Match and replace a word not in quotes (string contains escaped quotes)

Question

How can I replace all occurrences of a particular word from a given string with another, provided the word does not occur within quotes. Note that the input string will most likely contain escaped quotes. The word itself will not contain any quotes.

[EDIT: The original wording was - "The input string will definitely contain escaped quotes". I realized later that it is not "definitely", but "most likely"].

Example: Replacing FOO by BAR

Input: FOO "FOO" 'FOO' " 1 + FOO + 2 " ABCFOOXYZ " str1\\"FOO\\"str3'FOO'\\'\\'" ' str1\\'FOOstr3"FOO"\\"\\"' \\"FOO\\"

Output: BAR "FOO" 'FOO' " 1 + FOO + 2 " ABCBARXYZ " str1\\"FOO\\"str3'FOO'\\'\\'" ' str1\\'FOOstr3"FOO"\\"\\"' \\"BAR\\"

Note that the last occurrence of FOO is not inside quotes, the quotes themselves have been escaped. Hence it gets replaced by BAR.

I am looking for a regexp in JavaScript.

clarification - The input string will contain single as well as double quotes, both possibly escaped. We should replace the word only when it is not quoted at all (neither with single nor with double quotes).

EDIT:

What I tried: I was able to get all occurrences of FOO which should NOT undergo a replacement (["'])(?:(?=(\\?))\\2.)*?\\1 The above will match all the quoted strings. They should be excluded from replacement.

I'm not a regexp pro and I cannot go beyond this, have tried a lot.

Answer 1

You could match everything between the single or double quotes by using a capture group, a character class and a back reference (['"]) so the same opening quote match the same closing quote. Then use an alternation to capture FOO in the second capturing group.

The method replace has a callback function where you can access the full match as the first parameter and the capture groups as the remaining parameters. Here you could test for the value of the second group. If it is FOO , then return BAR .

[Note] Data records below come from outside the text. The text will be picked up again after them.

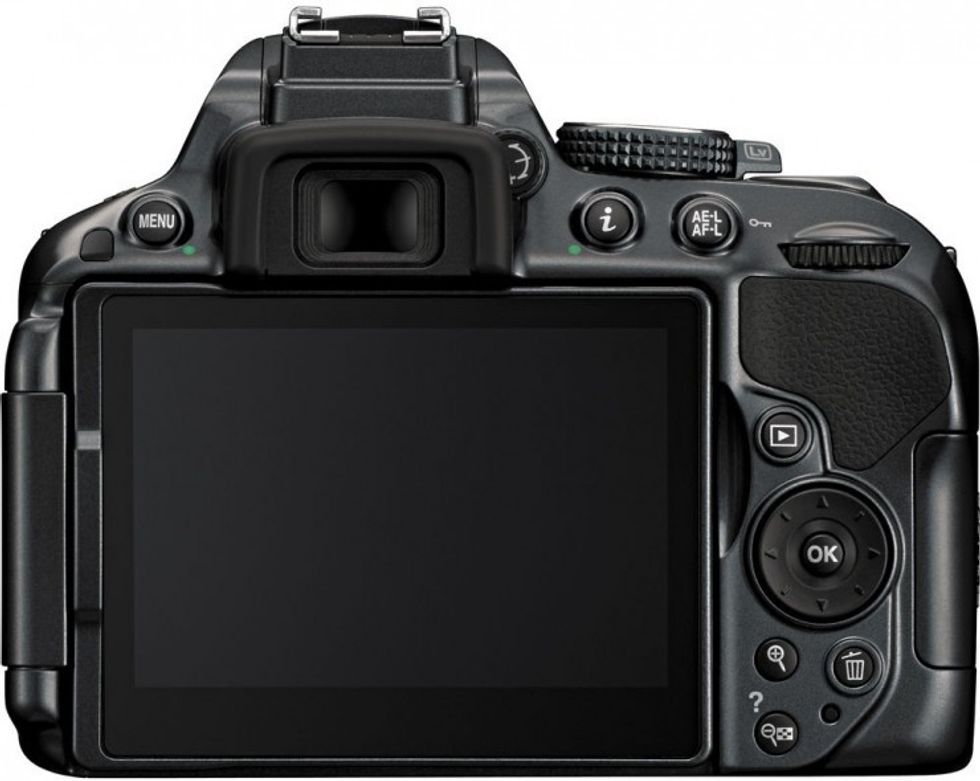 Nikon-d5300-back-e1382120498912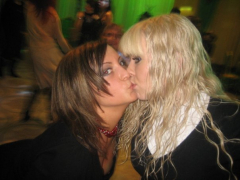 Beautiful mature women - N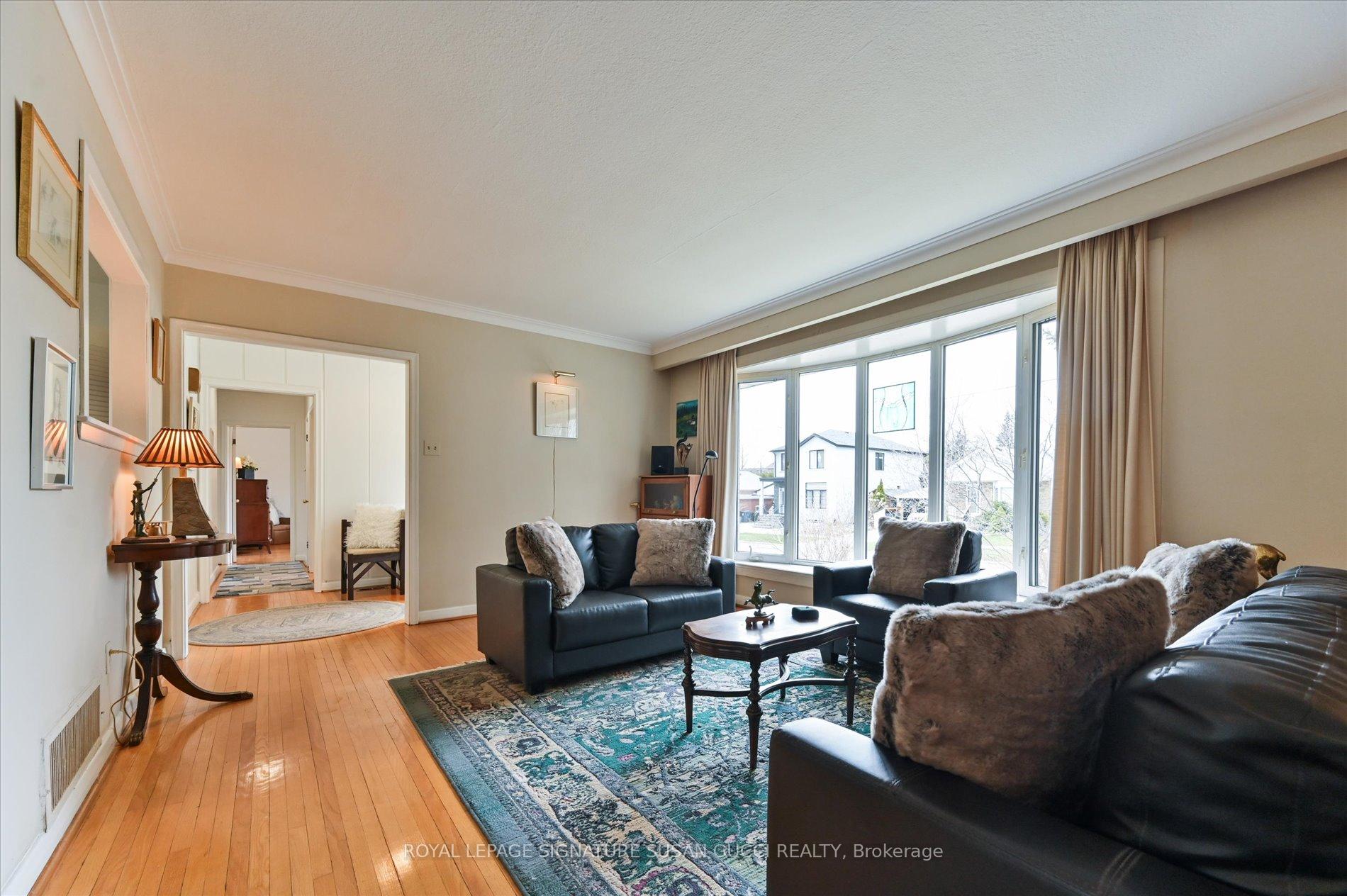 Photo 6 of 53 Florens Avenue, Scarborough, Clairlea-Birchmount — HOMEH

If it is not, return the full match.

(?:\s|^)(['"])(?:\1|.*?[^\\]\1)|(FOO)

Explanation

• (?:\\s|^) Start of the string or a whitespace character
• (['"]) Match ' or " in a capture group
• (?: Non capturing group
  • \\1 Backreference to first capture group
  • | Or
  • .*?[^\\\\]\\1 Match any char except a newline non greedy followed by not a backslash and a backreference to group 1
• ) Close non capturing group
• | Or
• (FOO) Capture group 2 containing FOO

Regex demo

 let pattern = /(?:\\s|^)(['"])(?:\\1|.*?[^\\\\]\\1)|(FOO)/g; let str = `FOO "FOO" 'FOO' " 1 + FOO + 2 " ABCFOOXYZ " str1\\\\"FOO\\\\"str3'FOO'\\\\'\\\\'" ' str1\\\\'FOOstr3"FOO"\\\\"\\\\"' \\\\"FOO\\\\"`; let res = str.replace(pattern, function(m, _, g2) { return g2 === "FOO" ? "BAR" : m; }); console.log(res);